DESOSA 2022

React Native: Scalability

When we talk about scalability of React Native, we talk about how much a developed app can handle. This could be, for example, the response time of the app, the amount of memory that the app can handle or what the battery drainage of the app is.

Identification of the system’s key scalability challenges under a plausible scenario.

The moderators of React Native state on their website that performance is a serious issue in React Native. They aim to achieve 60 fps1. But sometimes, this is not reachable. Since the development is meant for multiple platforms, they cannot optimize the performance like a Native app. The problem with React Native, is that it runs on a JavaScript thread. For every component reloading, the app must call and build the native components. When reloading a component with a large component subtree,this may cause stutter and the user might not have a smooth UI feel. The Navigate command might cause such a stutter, since it has to reload a whole new page with new components.

React Native used to have a component called ListView. This component handled the display of vertically scrolling lists. The problem with this component was that it tried to render every item in the list, even if that item was not in de window. So when using a very large list, the app would have to render many components. With simple text, this is not very cost expensive. But sometimes, you would like to render a list of images. This results in a large usage of RAM and would slow the app, since loading takes a lot of time.
In 2017 ListView was replaced by a set of more advanced listing methods such as <FlatList>2.

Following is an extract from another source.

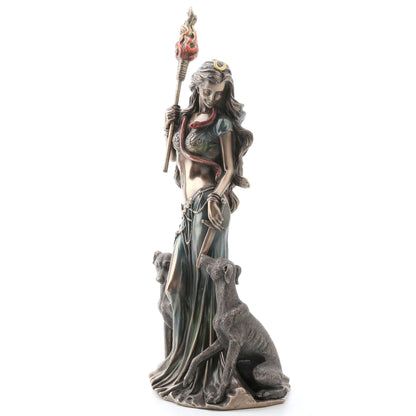 Hecate Greek Goddess Of Magic With Hounds
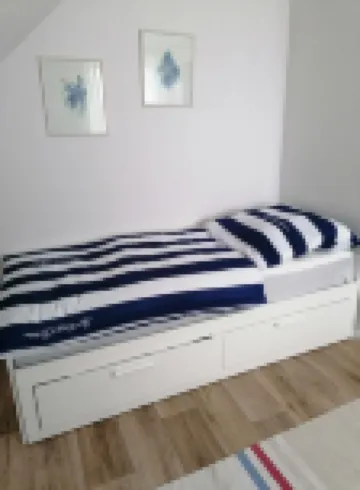 Cozy Vacation Apartment with Bicycle Garage Just 6 km from the Beach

As for the battery drainage. React Native does not use an extra amount of energy. The problems for energy are the same as they would be for IOs or Android. Using certain libraries can be quite challenging for your battery3. This includes tracking your location all the time, using network requests or rendering 3D objects.

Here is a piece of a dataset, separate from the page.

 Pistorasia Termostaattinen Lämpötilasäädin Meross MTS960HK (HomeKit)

Empirical quantitative analysis under varying workloads of at least one scalability dimension that can limit scalability. Examples include achievable transactions per second, processing time, memory use, or energy consumption.

To test the workloads of a React Native app, we are going to create an app and use its developer tools. In these developer tools, there is a functionality called ‘Show Perf Monitor’4. In this functionality we can see the following things5:

  • What the UI frame rate is.
  • What the Javascript frame rate is.
  • How much frames you skipped.

Since React Native runs on a Javascript Thread, every event that updates a view will first go through a Javascript event before updating the UI 5. The amount of updates that the Javascript handles is called the JS frame rate. Every update in the native side has a frame deadline. If the Javascript thread cannot call the native side in this deadline, the frame is dropped. This makes sure that the UI remains smooth.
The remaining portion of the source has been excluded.